What is the Simple Explanation for Radians and Trigonometric Functions?

[somebodyelse5]

Im currently in Calc II and am finding myself totally lost when it comes to solving things like sin(pi/3) and trig of that nature. I am very reliant on my calculator and am extremely fond of degrees, but I NEED to be able to find the definite integral of cos(x) from 0 to (pi/3) and problems that are similar. I was hoping that someone could help explain how this works. Its something I really should know how to do, but I don't know where else to go to learn.

Thanks in advance guys.

 

[Integral]

In general you will get more useful answers if you ask a specific question.

Can you narrow it down a bit? Just what is that you are having trouble with?

 

[somebodyelse5]

In general you will get more useful answers if you ask a specific question.

Can you narrow it down a bit? Just what is that you are having trouble with?

Sorry about that. Basically I have absolutely no idea how to evaluate an expression like sin(pi/3) without using my calculator. Would someone be able to explain to me how to do this?

I know that the answer is sqrt(3)/2 but I do not know how to do this without using my calculator.

 

[Bohrok]

You should memorize the values of sine, cosine, and tangent for common angles which you can see here
http://upload.wikimedia.org/wikipedia/commons/c/c9/Unit_circle_angles.svg

This should also be helpful for memorizing the values of sine and cosine in the first quadrant
http://en.wikipedia.org/wiki/Trig_i...monic_for_certain_values_of_sines_and_cosines

 

[somebodyelse5]

You should memorize the values of sine, cosine, and tangent for common angles which you can see here
http://upload.wikimedia.org/wikipedia/commons/c/c9/Unit_circle_angles.svg

This should also be helpful for memorizing the values of sine and cosine in the first quadrant
http://en.wikipedia.org/wiki/Trig_i...monic_for_certain_values_of_sines_and_cosines

Thanks! For the unit circle, the points (x,y)

does x correspond with cos and y correspond with sin? How does that part work?

 

[Bohrok]

Thanks! For the unit circle, the points (x,y)
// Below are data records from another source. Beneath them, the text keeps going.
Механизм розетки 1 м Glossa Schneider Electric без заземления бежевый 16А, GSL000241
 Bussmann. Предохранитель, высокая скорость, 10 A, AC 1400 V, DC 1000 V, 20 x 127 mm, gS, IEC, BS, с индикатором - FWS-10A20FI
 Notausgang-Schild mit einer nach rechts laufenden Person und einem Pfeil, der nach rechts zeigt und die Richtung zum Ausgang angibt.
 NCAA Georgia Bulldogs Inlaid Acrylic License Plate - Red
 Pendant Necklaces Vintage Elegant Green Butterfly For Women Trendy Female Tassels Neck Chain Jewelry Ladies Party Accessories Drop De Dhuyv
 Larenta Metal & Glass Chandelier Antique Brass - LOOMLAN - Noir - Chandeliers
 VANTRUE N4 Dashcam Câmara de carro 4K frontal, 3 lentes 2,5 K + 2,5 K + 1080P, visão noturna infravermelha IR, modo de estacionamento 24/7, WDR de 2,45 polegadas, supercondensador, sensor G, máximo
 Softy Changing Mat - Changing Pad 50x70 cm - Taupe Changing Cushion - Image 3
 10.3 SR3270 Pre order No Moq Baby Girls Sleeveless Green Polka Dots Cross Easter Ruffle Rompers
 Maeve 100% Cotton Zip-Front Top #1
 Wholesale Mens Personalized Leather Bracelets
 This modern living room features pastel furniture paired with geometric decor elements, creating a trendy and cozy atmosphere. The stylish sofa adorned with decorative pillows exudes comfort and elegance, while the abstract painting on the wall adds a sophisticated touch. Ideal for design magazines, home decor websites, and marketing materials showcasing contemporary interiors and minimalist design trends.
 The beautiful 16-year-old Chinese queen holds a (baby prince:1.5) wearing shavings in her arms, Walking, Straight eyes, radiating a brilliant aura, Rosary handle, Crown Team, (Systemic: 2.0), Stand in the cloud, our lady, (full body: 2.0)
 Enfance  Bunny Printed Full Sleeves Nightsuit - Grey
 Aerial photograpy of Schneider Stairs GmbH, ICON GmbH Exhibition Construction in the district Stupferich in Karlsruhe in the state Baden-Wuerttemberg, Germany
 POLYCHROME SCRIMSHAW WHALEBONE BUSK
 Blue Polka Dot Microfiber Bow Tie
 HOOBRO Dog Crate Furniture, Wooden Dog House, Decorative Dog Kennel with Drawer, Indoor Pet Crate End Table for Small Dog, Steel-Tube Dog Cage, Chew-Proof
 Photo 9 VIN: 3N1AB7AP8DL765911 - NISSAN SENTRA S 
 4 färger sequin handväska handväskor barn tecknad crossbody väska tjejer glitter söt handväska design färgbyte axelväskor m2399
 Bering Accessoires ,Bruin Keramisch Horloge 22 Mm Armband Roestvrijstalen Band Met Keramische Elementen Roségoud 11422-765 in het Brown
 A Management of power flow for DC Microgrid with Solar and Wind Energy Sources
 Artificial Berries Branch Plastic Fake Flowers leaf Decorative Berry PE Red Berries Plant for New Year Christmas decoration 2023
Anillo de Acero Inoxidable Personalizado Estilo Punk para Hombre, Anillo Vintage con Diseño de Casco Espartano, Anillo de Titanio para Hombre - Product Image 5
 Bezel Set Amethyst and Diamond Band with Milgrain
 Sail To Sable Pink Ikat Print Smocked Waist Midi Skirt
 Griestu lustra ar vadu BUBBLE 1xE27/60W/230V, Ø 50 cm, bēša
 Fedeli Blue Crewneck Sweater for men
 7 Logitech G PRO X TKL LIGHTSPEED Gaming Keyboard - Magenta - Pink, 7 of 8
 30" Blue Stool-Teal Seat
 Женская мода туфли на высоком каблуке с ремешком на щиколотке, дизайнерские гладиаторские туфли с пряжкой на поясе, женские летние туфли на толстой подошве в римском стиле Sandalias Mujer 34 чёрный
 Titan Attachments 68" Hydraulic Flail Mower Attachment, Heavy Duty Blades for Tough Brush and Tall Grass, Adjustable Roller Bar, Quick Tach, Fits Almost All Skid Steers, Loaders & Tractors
does x correspond with cos and y correspond with sin? How does that part work?

Yes, that's right. Wikipedia can probably explain it better than I can for now (it's getting late here)
http://en.wikipedia.org/wiki/Trigonometric_functions

 

[Anonymous217]

Yes. Basically, it's SOH CAH TOA, in which case H, the hypotenuse, is 1 for unit circles. This makes sin(theta) dependent on the y value, cos(theta) dependent on the x value, and etc. I'm a bit curious why you've haven't learned this before calc.

 

[sponsoredwalk]

There's very little you need to do when thinking about these things luckily.

pi/3 is the same as 180°/3 = 60°.

I find it immensely easier to think in this way, so sin(60°)= (√3/2)

The reason I know this is from using SOH, CAH, TOA on the famous 30°, 60° & 90° triangles.
http://www.youtube.com/watch?v=Qwet4cIpnCM&feature=PlayList&p=26812DF9846578C3&playnext_from=PL

http://en.wikipedia.org/wiki/Special_right_triangles



\int_{0}^{ \frac{ \pi }{3}} cos(x)\,dx \ = \ sin( \frac{\pi}{3}) \ - \ sin(0) \ = \ \frac{ \sqrt{3} }{2}

Try doing it this way until you intuitively get that pi/3 = 60°, pi/4 = 45° etc... and don't be afraid to draw and redraw the 30°, 60°, 90° triangles in a margin so that you don't have to memorize everything, you can recall all of them with no hassle this way.

 

[HallsofIvy]

To find sin(30)= sin(\pi/6) or sin(60)= sin(\pi/3) and the cosines, think of an equilateral triangle. If you drop a perpendicular from one vertex to the opposite side, it bisects that opposite side. Now you have two right triangles with angles of 30 degrees= \pi/6 radians and 60 degrees= \pi/3 radians. If each side of the equilateral triangle, and the hypotenuse of each right triangle, was 1, the side opposite the 30 degree angle has length 1/2 and, by the Pythagorean theorem, the side opposite the 60 degree angle is \sqrt{3}/2. Now, you can calculate all trig functions from the definitions.

For 45 degrees= \pi/4, use an isosceles right triangle with legs of length 1. The hypotenuse has length \sqrt{2}.